EDISON — Former Edison police officer Michael A. Dotro will have to serve 17 years in state prison before becoming eligible for parole as part of a plea deal with the state for fire bombing the Monroe home of his superior officer in 2013 and a whole host of other pending indictments that were levied against him.
On the eve of one of two pending trials, Dotro, 40, of Manalapan, admitted to one count of attempted murder in the first degree and one count of arson in the second degree in Middlesex County Superior Court on Aug. 21, according to Middlesex County Prosecutor Andrew C. Carey.
The former officer also pleaded guilty to one count of official misconduct in the second degree in connection with a trial that had commenced last week.
In the official misconduct case, Dotro was charged with unlawful access to a computer system and unlawful disclosure of computer system data in 2013 between March 17 and March 20. He was also accused of checking police records and notifying his wife, Alycia, of any reports on the incident of slashing the tires of a car owned by an Edison woman.
It was brought out in a pre-trial hearing in July that the tire slashing incident occurred after Dotro ended an affair with the woman.
Lastly, Dotro pleaded guilty to one count of conspiracy to tamper with a witness in the third degree in that same case, Carey said.
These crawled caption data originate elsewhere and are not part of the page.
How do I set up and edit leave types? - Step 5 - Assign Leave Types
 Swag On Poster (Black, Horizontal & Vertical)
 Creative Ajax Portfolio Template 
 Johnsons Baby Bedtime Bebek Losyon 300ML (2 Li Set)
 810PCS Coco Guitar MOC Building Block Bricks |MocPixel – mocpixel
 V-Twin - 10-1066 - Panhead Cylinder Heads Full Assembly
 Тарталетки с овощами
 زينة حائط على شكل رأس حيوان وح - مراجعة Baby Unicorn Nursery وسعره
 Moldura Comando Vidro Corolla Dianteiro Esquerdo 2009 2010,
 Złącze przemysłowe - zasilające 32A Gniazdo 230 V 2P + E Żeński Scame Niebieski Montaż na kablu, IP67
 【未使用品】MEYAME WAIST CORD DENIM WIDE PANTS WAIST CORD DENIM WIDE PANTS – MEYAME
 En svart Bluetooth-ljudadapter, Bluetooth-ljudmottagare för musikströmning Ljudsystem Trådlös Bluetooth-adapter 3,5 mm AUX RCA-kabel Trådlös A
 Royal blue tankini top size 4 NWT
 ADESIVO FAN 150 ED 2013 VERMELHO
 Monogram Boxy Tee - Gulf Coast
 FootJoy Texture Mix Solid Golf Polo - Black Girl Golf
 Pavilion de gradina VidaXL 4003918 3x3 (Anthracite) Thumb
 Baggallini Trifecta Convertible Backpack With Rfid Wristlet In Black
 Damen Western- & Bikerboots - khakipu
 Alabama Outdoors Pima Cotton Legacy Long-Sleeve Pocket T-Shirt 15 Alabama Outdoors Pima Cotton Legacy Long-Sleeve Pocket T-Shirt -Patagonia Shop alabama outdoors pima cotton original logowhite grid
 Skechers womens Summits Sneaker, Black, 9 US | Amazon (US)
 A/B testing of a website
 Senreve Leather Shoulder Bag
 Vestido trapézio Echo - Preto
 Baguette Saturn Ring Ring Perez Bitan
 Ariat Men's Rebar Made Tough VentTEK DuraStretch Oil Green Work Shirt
Dotro had been charged with the witness tampering on Aug. 17.
In May 2013, Dotro, who had been a nine-year veteran of the Edison Police Department, had been charged with five counts of attempted murder and one count of aggravated arson for allegedly setting fire to the Monroe home of his superior officer, Mark Anderko, who is now retired.
Anderko was home at the time, along with his wife, two children and his mother. No one was injured.
Under a plea agreement reached with Middlesex County Assistant Prosecutor Russell Curley, Dotro will be sentenced to a prison term of 20 years subject to the No Early Release Act. As such, Dotro will have to serve 17 years in New Jersey State Prison before becoming eligible for parole.
He is scheduled to be sentenced in New Brunswick by Superior Court Judge Pedro Jimenez on December 7.
Previously Dotro had forfeited his position as a police officer as part of a guilty plea in another case in September 2016.
The former officer had pleaded guilty to a count of conspiracy for his involvement in attempting to harass and humiliate a North Brunswick police officer in 2012 after he failed to show leniency for a drunken driving charge that he issued to a friend of Dotro.
In January, Dotro was sentenced to two years’ probation for the case.
Through the investigation of the aggravated arson case, it revealed the case that involved the North Brunswick police officer.
Dotro was charged during an extensive investigation by the Detective Bureau of the Middlesex County Prosecutor’s Office, Detective Donald Heck and Detective Christopher Pennisi.
Edison Police Chief Thomas Bryan declined to comment on the plea deal made for one his former officers.